Et sa mère, dans tout ça ? Elle traverse Fun Home sans jamais vraiment qu'Alison Bechdel en parle.
C'est désormais chose faite avec cette 'suite' au titre évocateur:



Le ton est différent puisque la mère d'Alison Bechdel est toujours vivante et vit en directe la réalisation de ce livre.
Comment se définit sa relation avec sa mère ? A partir de cette question, Alison Bechdel se plonge dans ses souvenirs, dans ses multiples analyses, sa découverte des travaux de Winnicott sur la pedopsychiatrie, ses lecture de Virginia Woolf, ses rêves, ses doutes autant sur la réalisation de Fun Home que de ce nouveau livre.
Le résultat est un livre dense mais fluide, parfois verbeux, mais qui livre une fois de plus un très beau portrait de femme(s). On peut lui reprocher d'incarner un personnage un peu caricatural: artiste lesbienne dépressive qui se complique méchamment la vie, mais il y a une vraie sincérité.

Smiley_Bone, 14.03.2012 à 0:18343614
Alors pas vraiment sûr que l'on puisse mettre dans la même catégorie Preacher que Love and Rockets. Et de manière générale les titres Vertigo qui fonctionnent aux States, fonctionnent ici, Sandman étant un peu l'exception qui confirme la règle.

Xavier, 13.03.2012 à 17:12343606
Harry Naybors :
Oui c'est pas faux et d'ailleurs pour digresser sur OUTSIDER, je pensais qu'ils en auraient profité pour rééditer les LOVE & ROCKETS afin de faire une sorte d'intégrale dans la même collection et il ne l'ont pas fait et d'ailleurs le dernier tome de la série LUBA est sorti bien discrètement.
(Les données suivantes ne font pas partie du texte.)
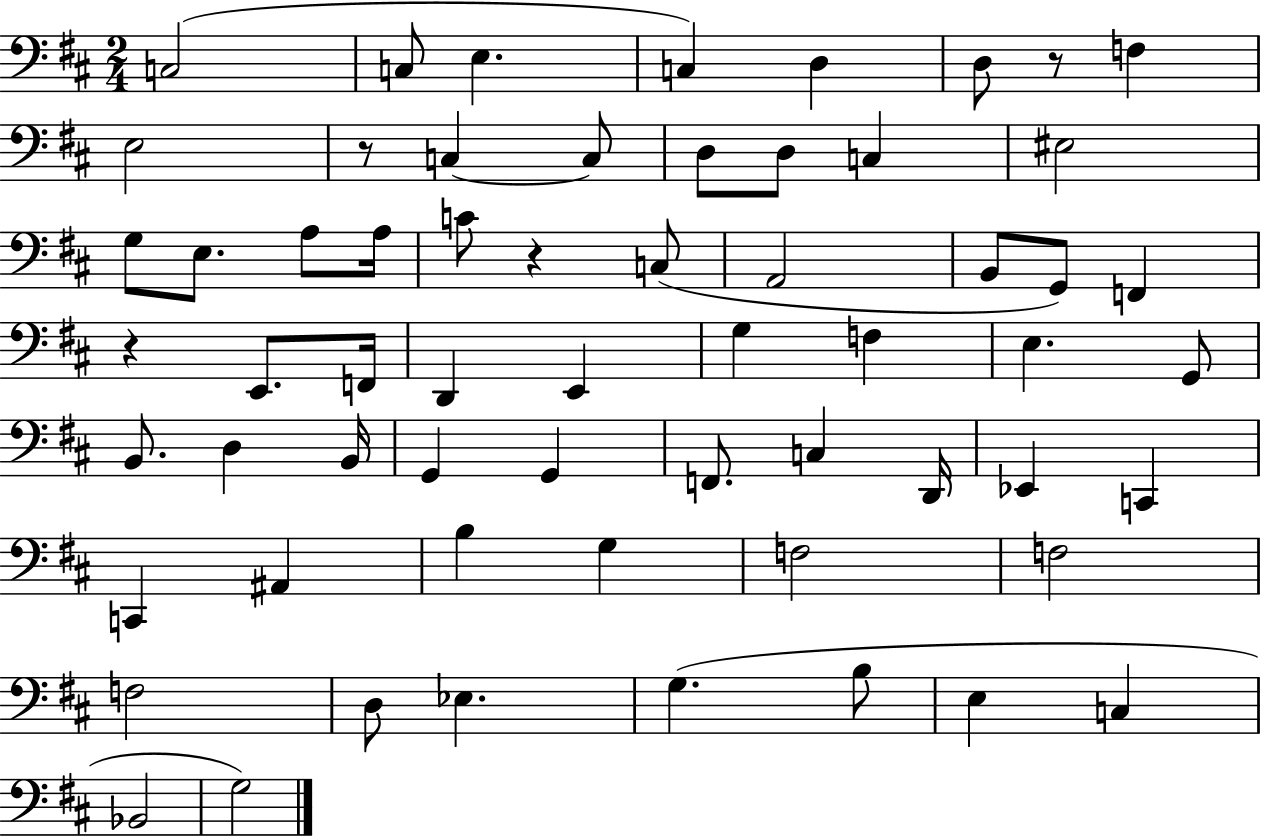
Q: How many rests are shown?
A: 4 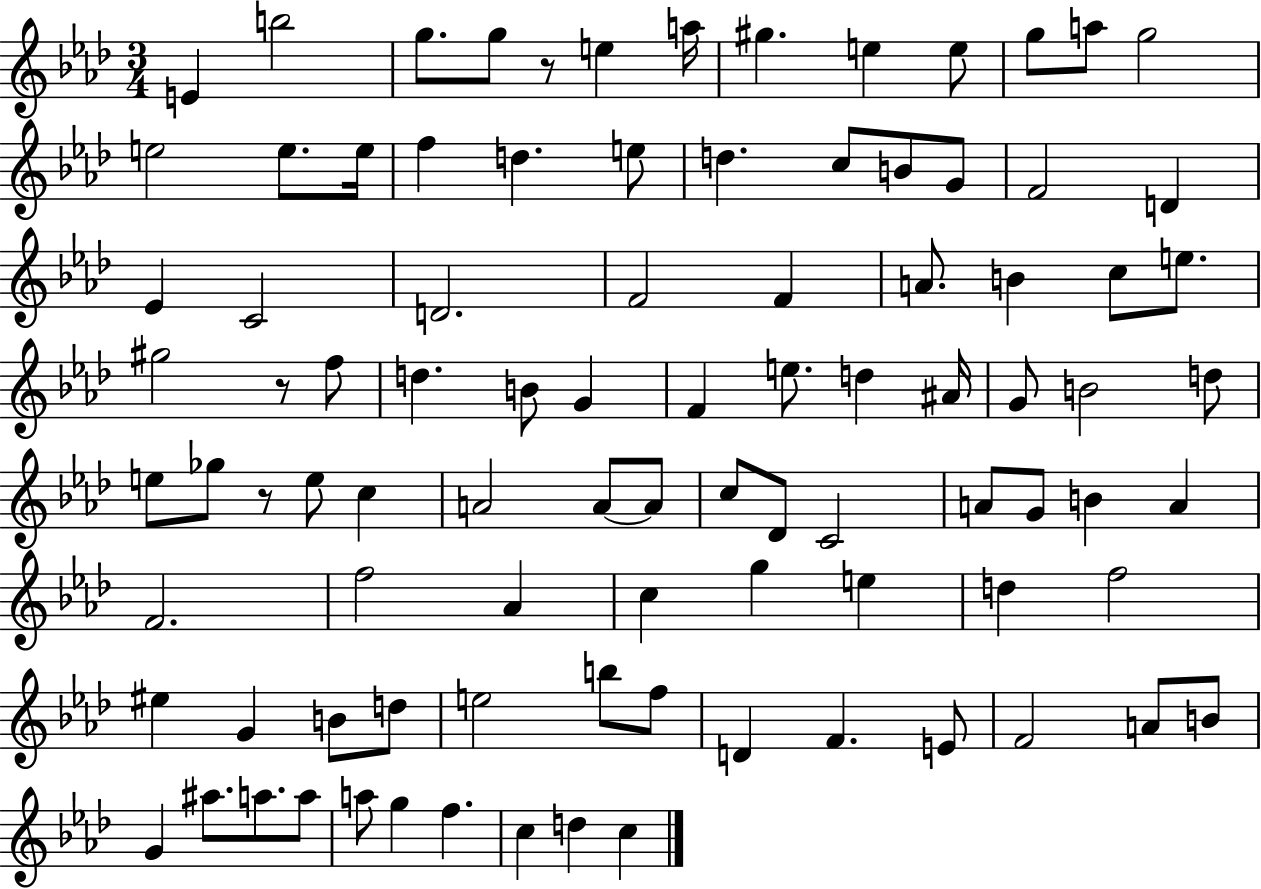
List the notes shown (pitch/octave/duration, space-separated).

E4/q B5/h G5/e. G5/e R/e E5/q A5/s G#5/q. E5/q E5/e G5/e A5/e G5/h E5/h E5/e. E5/s F5/q D5/q. E5/e D5/q. C5/e B4/e G4/e F4/h D4/q Eb4/q C4/h D4/h. F4/h F4/q A4/e. B4/q C5/e E5/e. G#5/h R/e F5/e D5/q. B4/e G4/q F4/q E5/e. D5/q A#4/s G4/e B4/h D5/e E5/e Gb5/e R/e E5/e C5/q A4/h A4/e A4/e C5/e Db4/e C4/h A4/e G4/e B4/q A4/q F4/h. F5/h Ab4/q C5/q G5/q E5/q D5/q F5/h EIS5/q G4/q B4/e D5/e E5/h B5/e F5/e D4/q F4/q. E4/e F4/h A4/e B4/e G4/q A#5/e. A5/e. A5/e A5/e G5/q F5/q. C5/q D5/q C5/q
D'après ce que j'ai entendu dire, ils se sont pris une grosse claque avec les Love & Rockets. Les ventes n'ont pas été au rendez-vous, et on peut se demander, sur des œuvres de ce genre, si les fans ne lisent pas déjà en anglais (même chose pour les Sandman, Preacher et consorts). En cela, le patrimoine (ou même l'alternatif) japonais est beaucoup plus protégé, du fait d'une barrière linguistique plus présente.

Harry Naybors, 13.03.2012 à 15:46343604
Xavier :

De prestige, ou de substance.
Même approche du côté d'Outsider chez Delcourt, qui se réappropriait l'ensemble des bouquins que Bernière avait accompagnés au Seuil, à peu ou prou.


Oui c'est pas faux et d'ailleurs pour digresser sur OUTSIDER, je pensais qu'ils en auraient profité pour rééditer les LOVE & ROCKETS afin de faire une sorte d'intégrale dans la même collection et il ne l'ont pas fait et d'ailleurs le dernier tome de la série LUBA est sorti bien discrètement. De plus, si on se fie au magazine BOOKS, il semble que le prochain Chester BROWN sortirait chez CORNELIUS (et non chez DELCOURT du coup, alors qu'ils avaient réédité JE NE T'AI JAMAIS AIME) mais bon, je n'ai pas retrouvé l'info ailleurs...

Xavier, 13.03.2012 à 15:25343603
Harry Naybors :
rééditer ce genre de séries connues est une manière de donner un peu de prestige à la collection.


De prestige, ou de substance.
Même approche du côté d'Outsider chez Delcourt, qui se réappropriait l'ensemble des bouquins que Bernière avait accompagnés au Seuil, à peu ou prou.

Harry Naybors, 13.03.2012 à 12:28343600
Oui il est notoire que Panini réimprimait quand ça leur chantait et pas mal de tomes sont épuisés (pour PREACHER le tome 5 est hors de prix sur pas mal de site de revente). Et puis URBAN se gargarise de vouloir se constituer un catalogue et de le pérenniser et j'imagine que rééditer ce genre de séries connues est une manière de donner un peu de prestige à la collection.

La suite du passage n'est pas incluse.